Library dependencies and intrer-library code reuse

26 Mar 2010

      There's a lot of chatter on the list recently about how to "grow" boost.  I
wanted to add my own idea to the pot.  Due to the scope of what I describe,
I don't think it's reasonable to expect everyone to be on board with it
because TBH it's a lot of work, but I'm just throwing it out there, and I
think that if you forget about what would be involved in actually making it
happen, it actually has many highly desirable properties.  But comments
would be welcome.

So anyway, one of the recurring questions that pops up over and over and
over is that of whether or not a library should reinvent the wheel, or use
some data structure / class from some other library.

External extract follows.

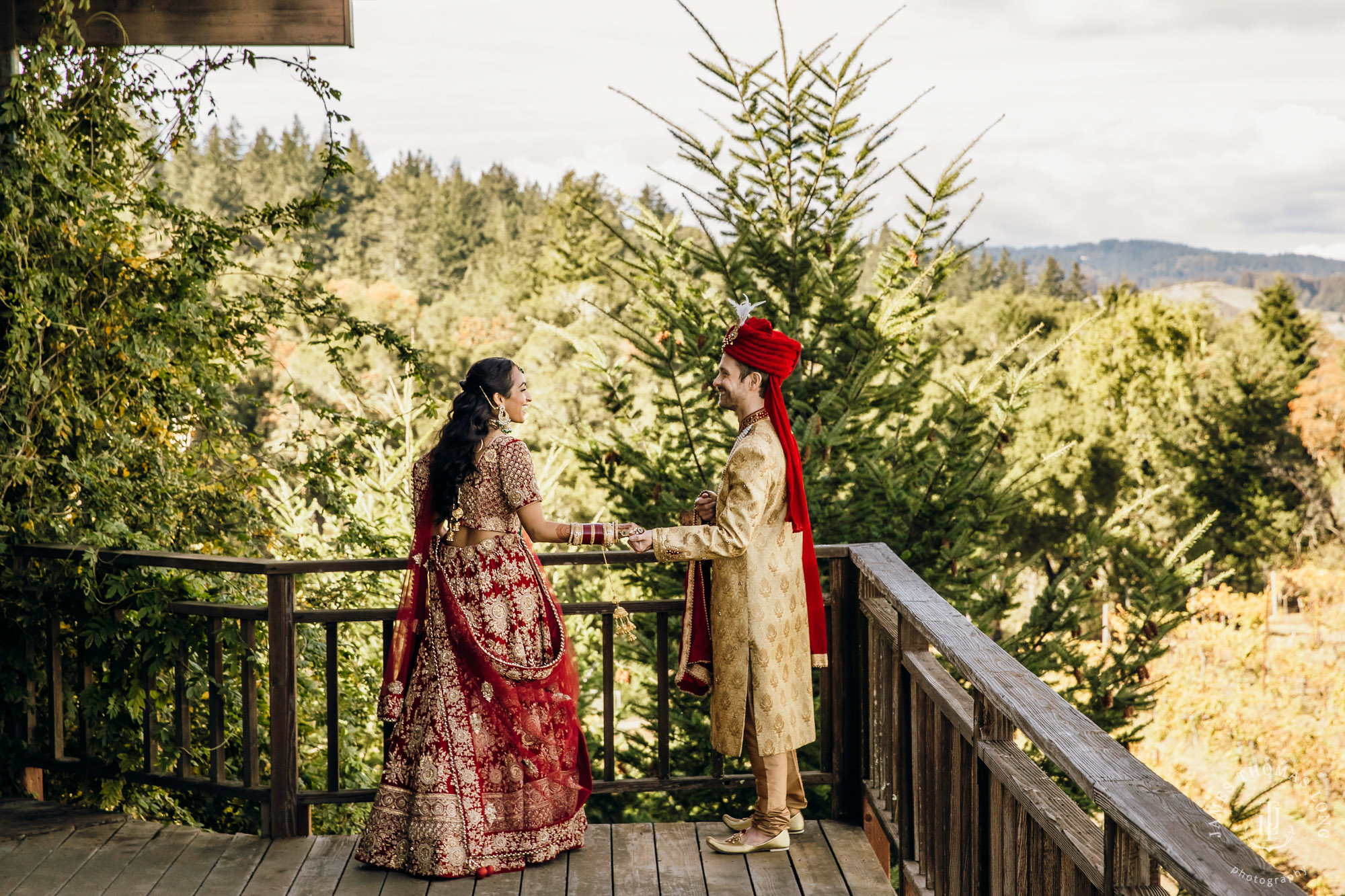 Destination wedding at Tomas Fogarty Winery CA by Seattle wedding photographer James Thomas Long Photography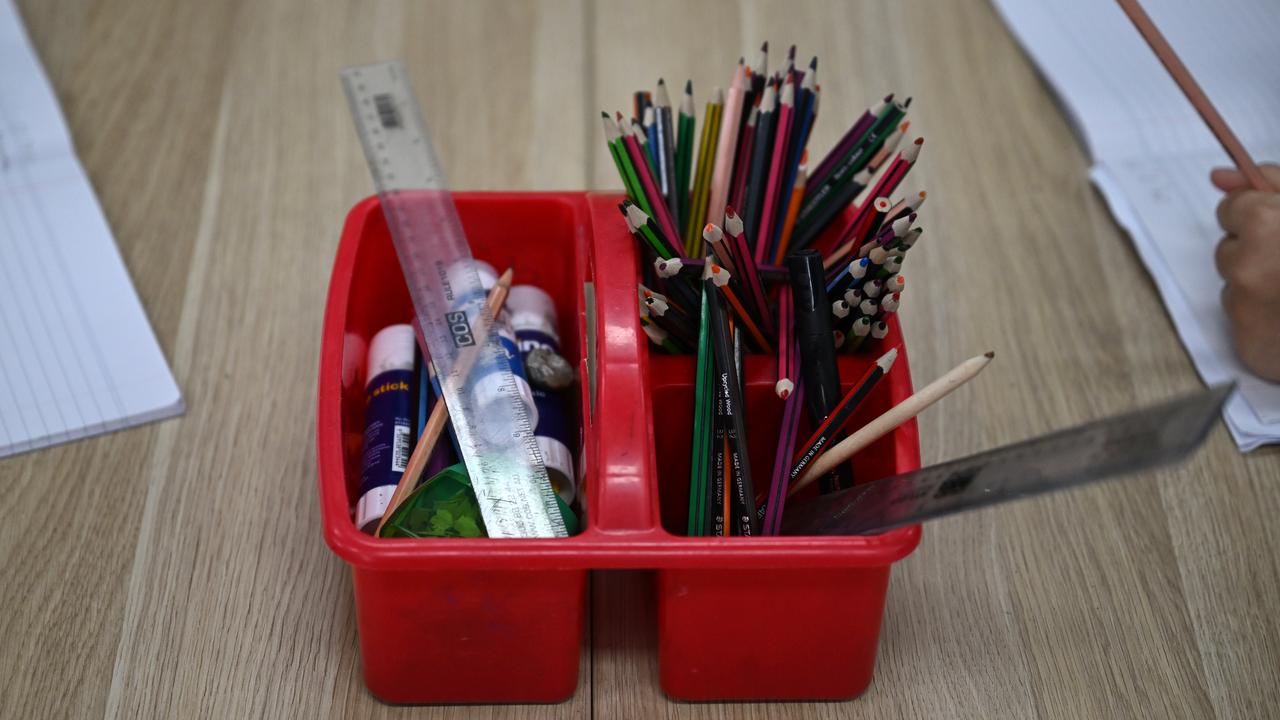 Writing material in a classroom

On one side of the fence, there's people who say that it's often ok to
reinvent the wheel inside library A if it avoids introducing a dependency on
boost library B.  Generally, the problem is that introducing a dependency on
B
     a) increases compile time, because often only an extremely small
component of library B is needed, but the header-onlyness of most libraries
causes inclusion explosion, and
     b) introduces logistical problems when library B is not "permitted" for
use in a certain organization.  This is becoming increasingly common as
certain organizations begin whitelisting boost libraries that are allowed in
their codebase.

On the other side of the fence, there's people who say that reinventing the
wheel is almost always bad.  The reasons for this are obvious and I think
everyone here is well aware of the issues, so I won't repeat them.  Note
that I'm not taking sides here, just pointing out that the argument against
reinventing the wheel is well understood.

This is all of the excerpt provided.